▶ [PROVIDED DATA]
-- Opening Marker --
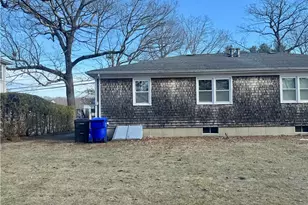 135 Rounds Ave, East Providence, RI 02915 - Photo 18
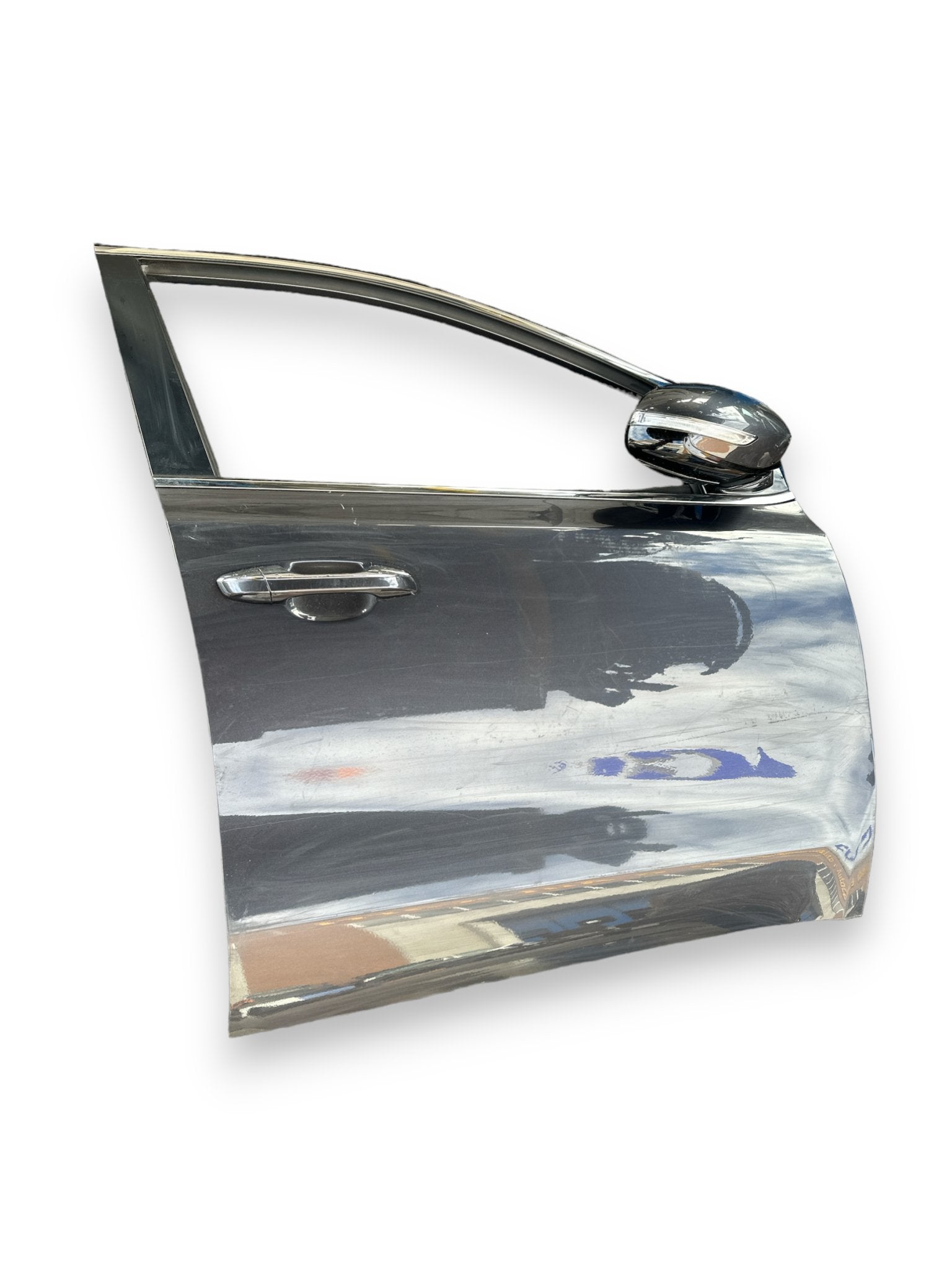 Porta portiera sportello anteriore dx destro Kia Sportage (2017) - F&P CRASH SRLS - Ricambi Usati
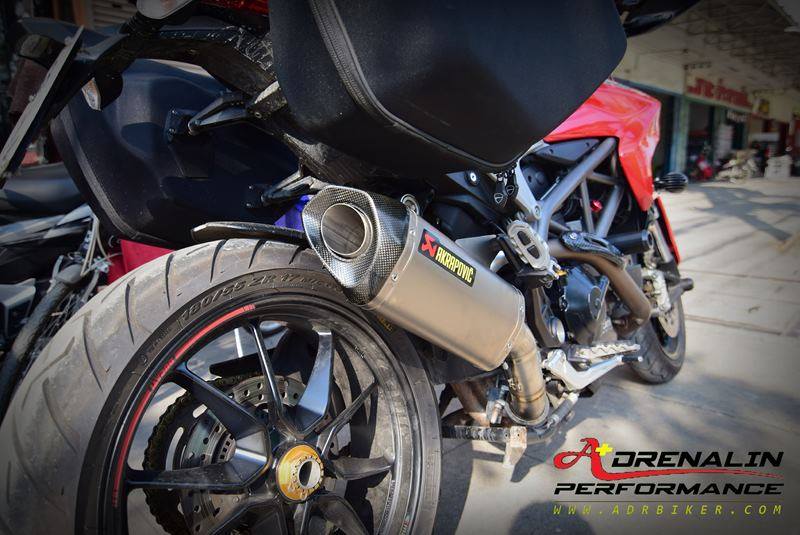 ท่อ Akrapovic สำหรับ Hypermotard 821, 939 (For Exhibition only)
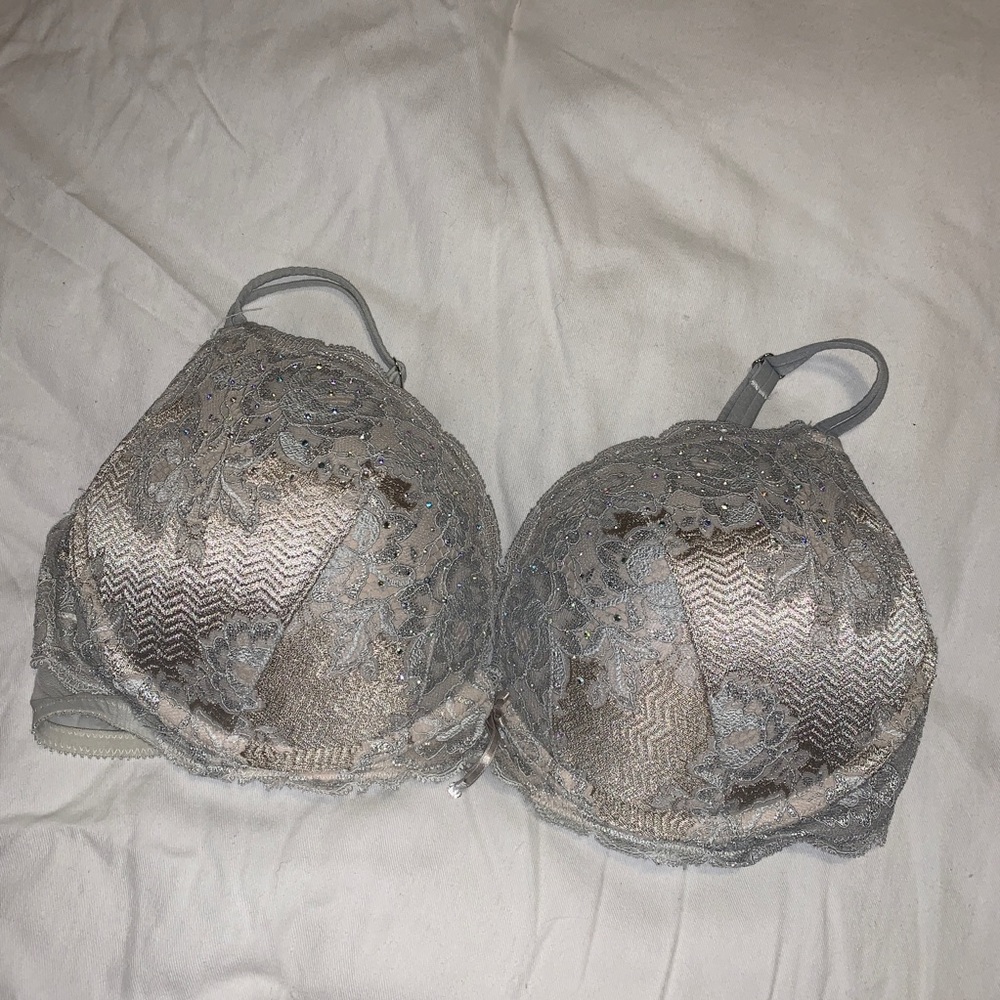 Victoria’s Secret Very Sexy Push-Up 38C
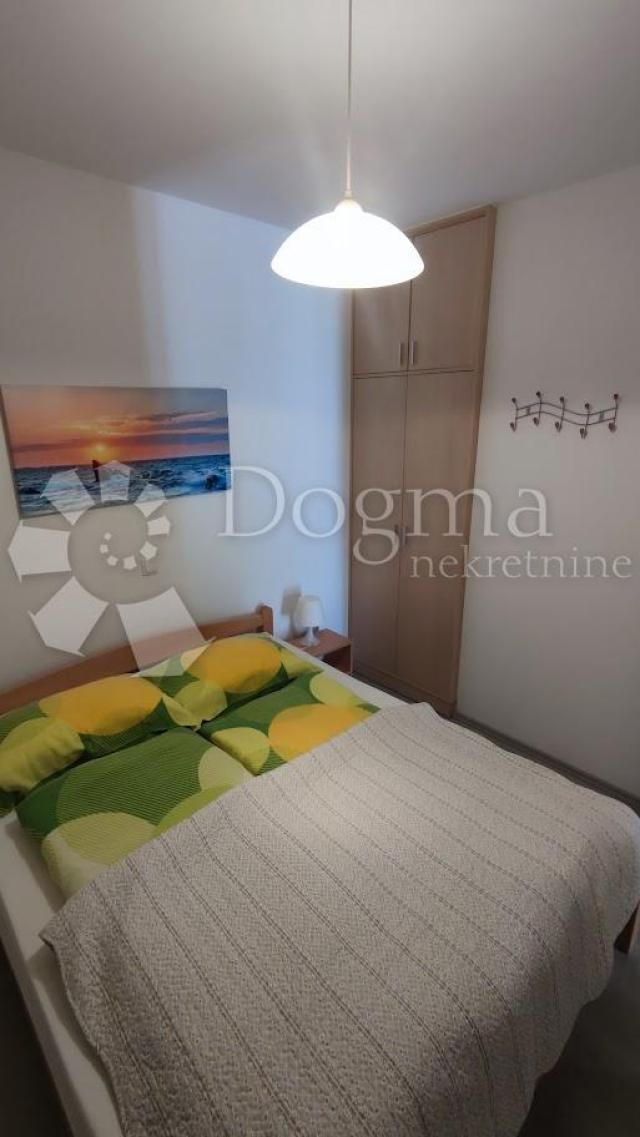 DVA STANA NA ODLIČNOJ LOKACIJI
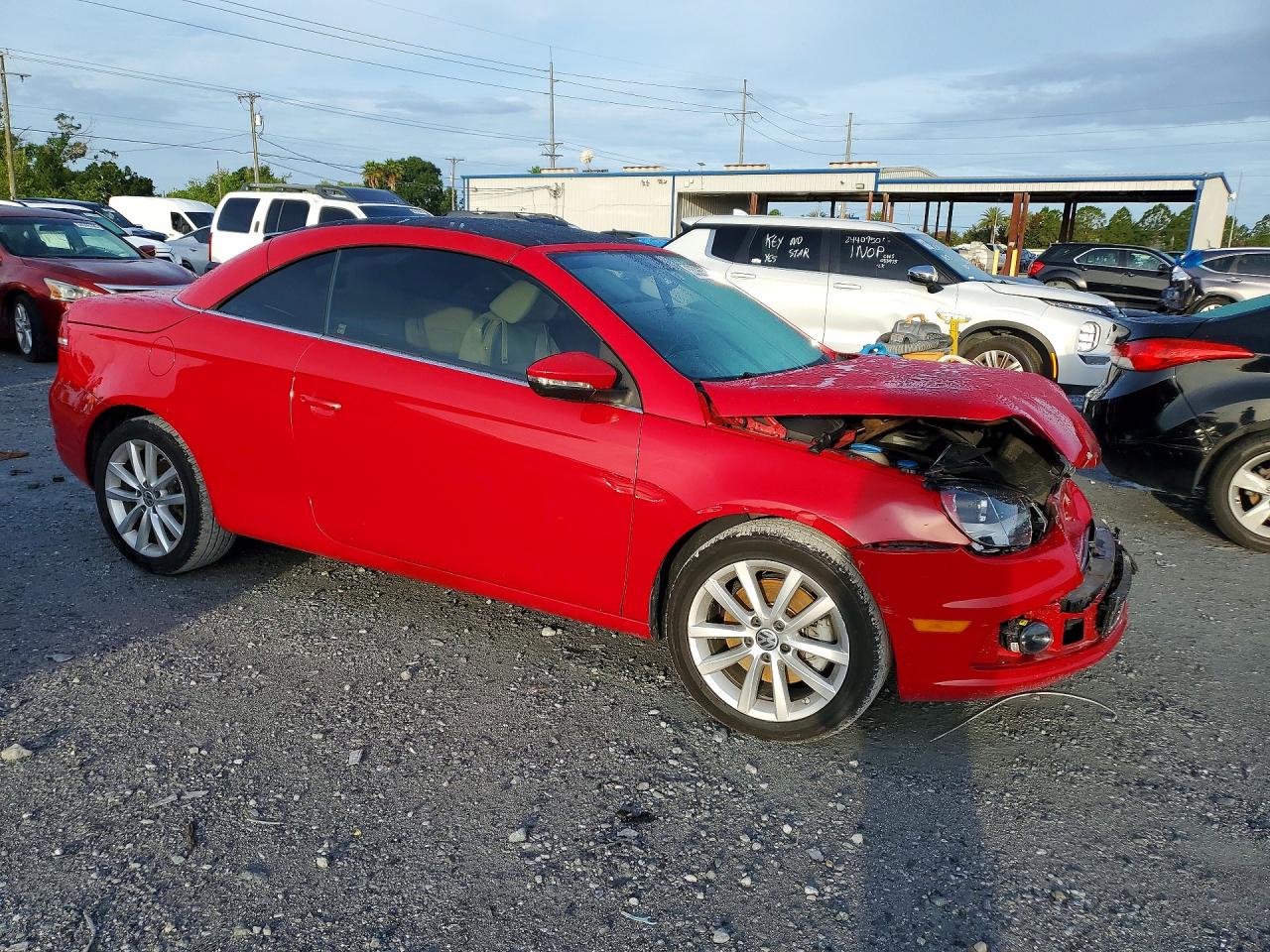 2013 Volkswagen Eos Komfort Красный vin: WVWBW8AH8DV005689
-- Closing Marker --
-- Opening Marker --
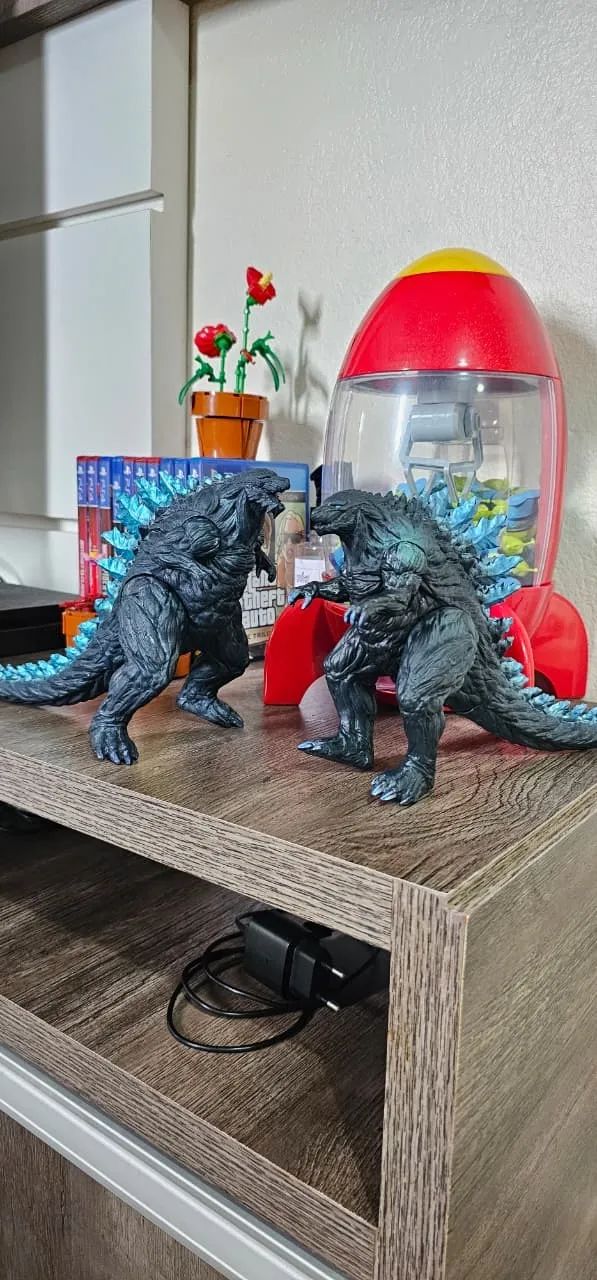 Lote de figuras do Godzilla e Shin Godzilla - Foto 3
-- Closing Marker --
Out of the records above, please copy exactly the lines from the line with "DVA STANA NA ODLIČNOJ LOKACIJI" up to and including the line with "2013 Volkswagen Eos", minus the pictures.

▶ [OUTPUT FOR THIS TASK]
 DVA STANA NA ODLIČNOJ LOKACIJI
 2013 Volkswagen Eos Komfort Красный vin: WVWBW8AH8DV005689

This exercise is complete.